Dias depois do caso em Guardamar del Segura, o fenômeno se repetiu em Santa Bárbara, em La Línea de la Concepción (Andaluzia), e nas praias de La Garita e Famara, em Lanzarote, nas Ilhas Canárias. Em Cádiz, seis espécimes chegaram a motivar o fechamento de uma praia inteira. Houve ainda ocorrências em Valência e, de forma inédita, em Maiorca, onde não havia registros científicos desde 1916.
Esse excesso de cautela pode se dever ao fato de que “até o momento, a presença do dragão azul não é muito comum em nossas águas, e resta saber se se tornará mais frequente daqui para frente”.
Em Guardamar, por exemplo, “faltava meia hora para terminar o turno dos salva-vidas e não sabíamos se havia mais exemplares encalhados ou perto da costa, então ativamos o protocolo e levantamos a bandeira vermelha”, explicou o prefeito José Luis Sáez.

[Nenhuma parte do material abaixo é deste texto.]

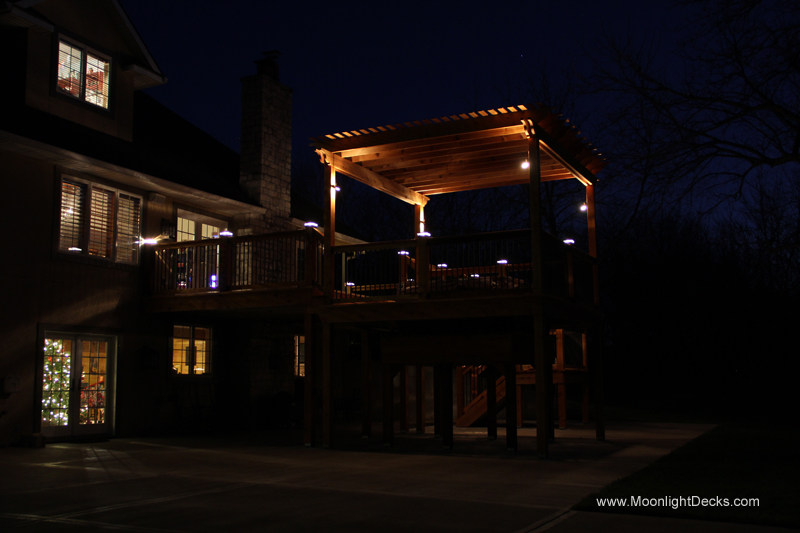 Deck lighting with low voltage lighted post caps / deck lights.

O próprio gestor, porém, classificou os episódios como “isolados”.
O Glaucus atlanticus é uma lesma-do-mar da família Glaucidae. Vive em mar aberto, flutuando de cabeça para baixo graças a um pequeno saco de gás em seu estômago. Seu corpo exibe coloração prateada na parte superior – confundindo-se com a superfície – e tons intensos de azul na parte inferior, o que o camufla da luz solar quando visto de baixo. Essa estratégia, chamada de “contra-sombreamento”, dificulta que seja localizado por predadores.
Quando come, ele seleciona as células urticantes mais potentes, e as armazena, ainda ativas, em estruturas chamadas cerata. Na hora de atacar, ele ativa o estoque dessas células urticantes, que também são chamadas de nematocistos, e libera ferroadas dolorosas.

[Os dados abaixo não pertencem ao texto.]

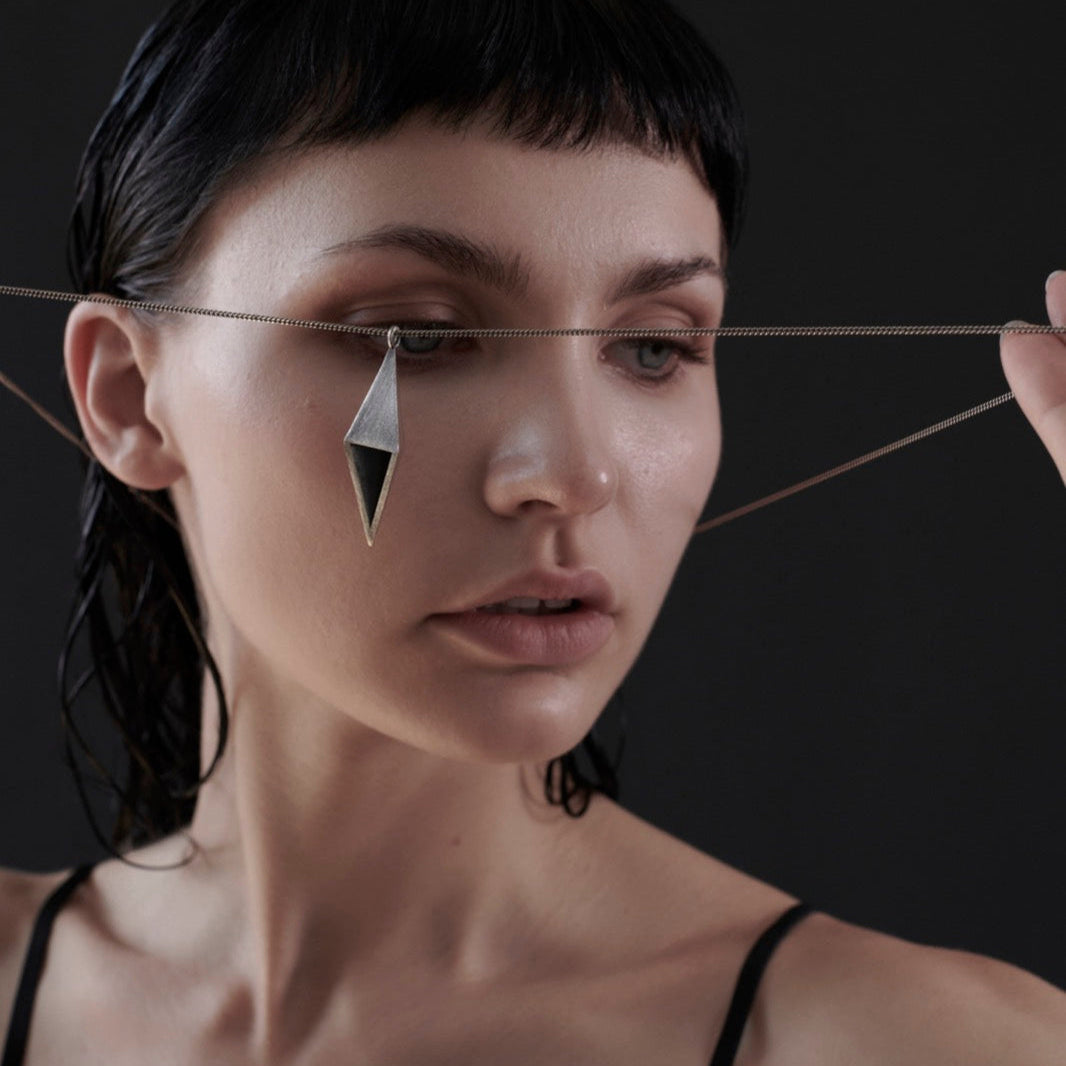 A person with wet hair holds a thin chain with a geometric pendant close to their ear, set against a dark background.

Apesar de ser pequenino e fofo, o dragão azul é um predador eficiente. Sua boca possui uma rádula com dentes serrilhados e mandíbula robusta, capaz de arrancar fragmentos de suas presas. O corpo carregado de estruturas venenosas fez com que a espécie desenvolvesse estratégias singulares para a reprodução – que, aliás, ocorre entre hermafroditas.
O dragão azul distribui-se por águas temperadas e tropicais do Atlântico, Pacífico e Índico. Avistamentos no Mediterrâneo sempre foram raros, com registros esporádicos desde o século 19. Mas essa realidade parece estar mudando.

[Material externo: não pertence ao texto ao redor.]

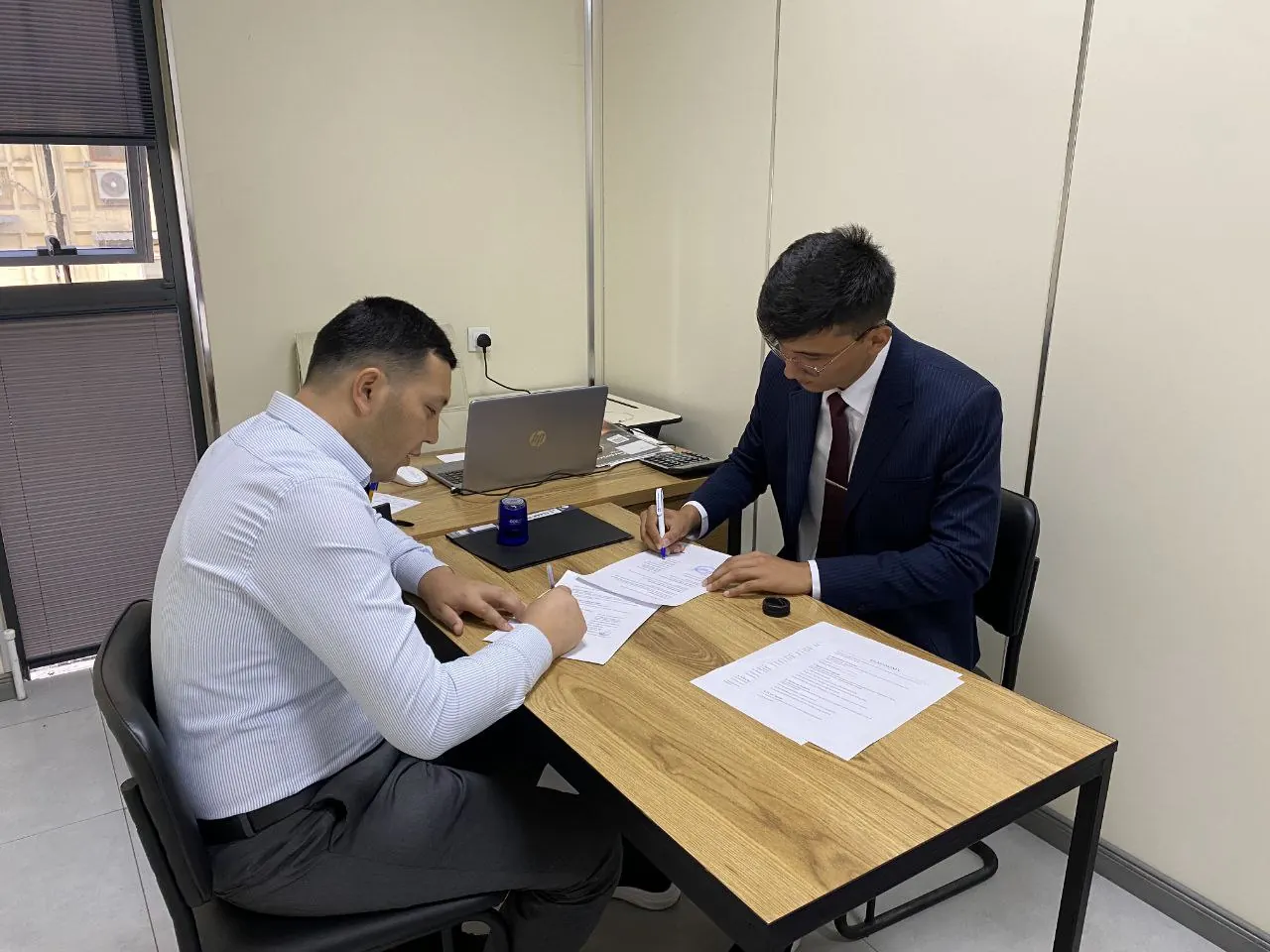 REAL EXAMS and Registan LC representatives signing the partnership agreement at a desk.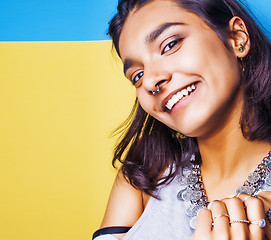 Image showing lifestyle people concept. young pretty smiling indian girl with long nails wearing lot of jewelry rings, asian summer happy cool close up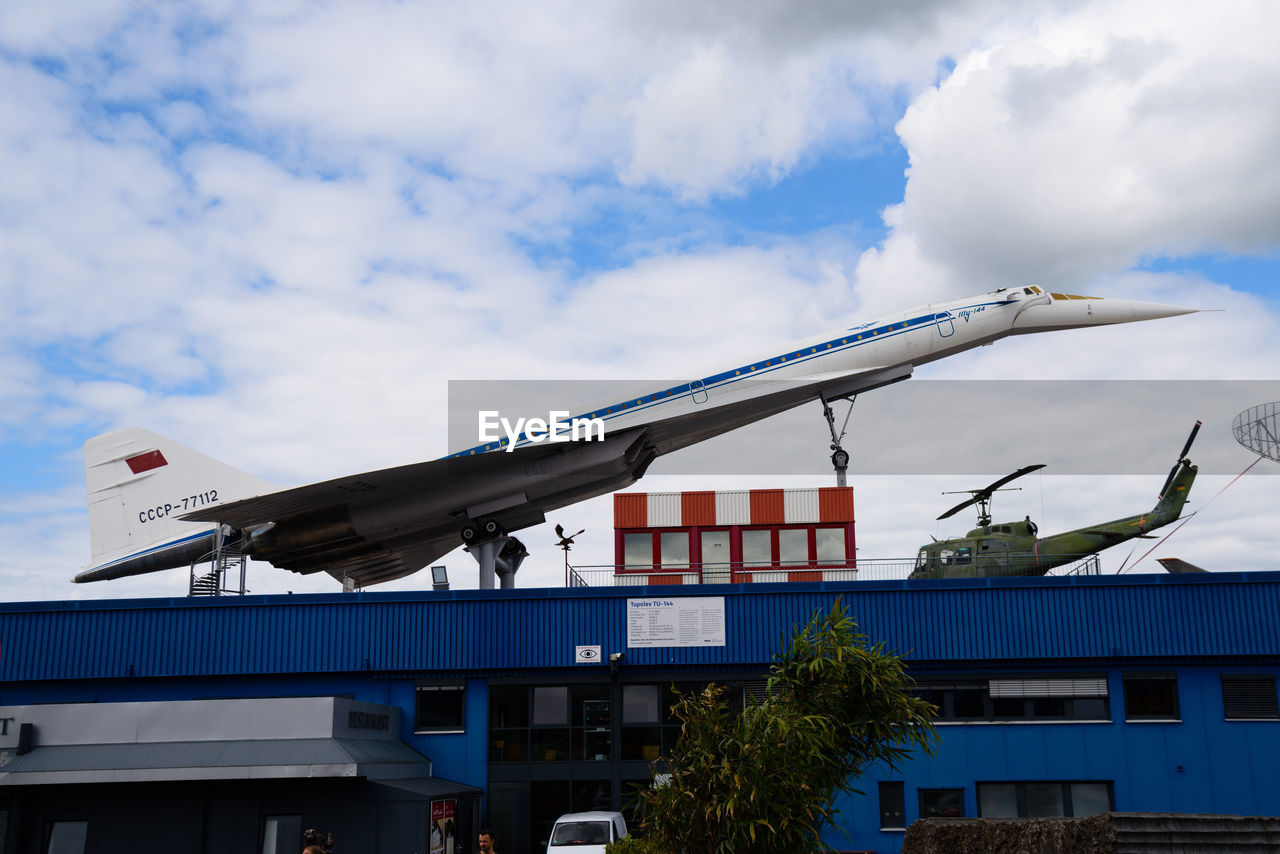 architecture, transport, built structure, building exterior, sky, cloud, vehicle, transportation, nature, aviation, mode of transportation, airplane, business, aircraft, day, city, building, outdoors, no people, stadium, business finance and industry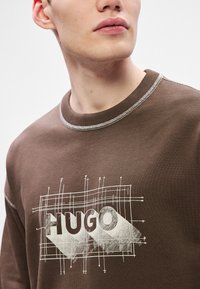 Brun sweatshirt med en grafisk tryck med "HUGO" i stora bokstäver, ljus sömnad och en texturerad, ribbad krage.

Pesquisadores associam sua presença mais frequente à elevação da temperatura do mar, que neste verão europeu ultrapassou 28 °C, com anomalias de até cinco graus. O aquecimento do Mediterrâneo tem atraído espécies antes incomuns na região, como a caravela-portuguesa, que serve de alimento ao dragão azul, e até o peixe-leão em Malta.
Para os cientistas, os recentes episódios podem ser um indício de mudanças ambientais mais profundas. “Ainda não sabemos exatamente com o que estamos lidando aqui”, alertou Manuel Ballesteros Vazquez, professor emérito de zoologia marinha da Universidade de Barcelona, ao New York Times. “Mas, dado o aquecimento do Mediterrâneo, não descartamos que nos próximos anos voltemos a enfrentar situações com as quais nunca lidamos”.
Enquanto aguardam respostas, autoridades espanholas seguem em alerta. Monitoramentos de rotina vêm sendo realizados e moradores são orientados a fotografar e notificar avistamentos, sem jamais tocar no animal.